The listing, minus its pictures, is to be given again exactly.

Provided material →
....
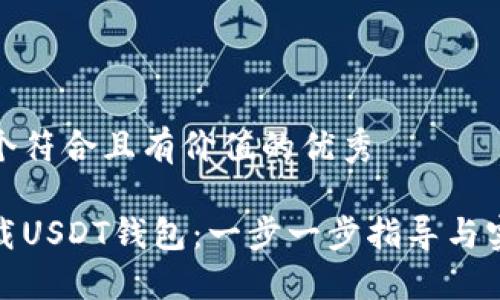 思考一个符合且有价值的优秀

如何下载USDT钱包：一步一步指导与实用建议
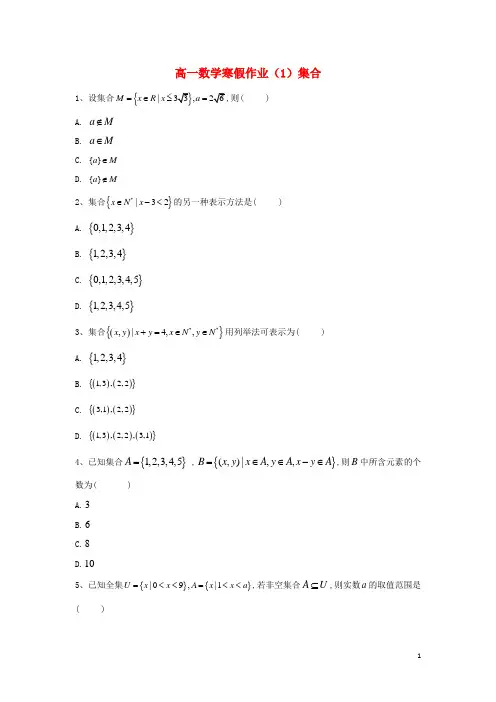 2018_2019学年高一数学寒假作业(含解析)(打包27套)新人教A版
....
Solution to the exercise →
 思考一个符合且有价值的优秀

如何下载USDT钱包：一步一步指导与实用建议
 2018_2019学年高一数学寒假作业(含解析)(打包27套)新人教A版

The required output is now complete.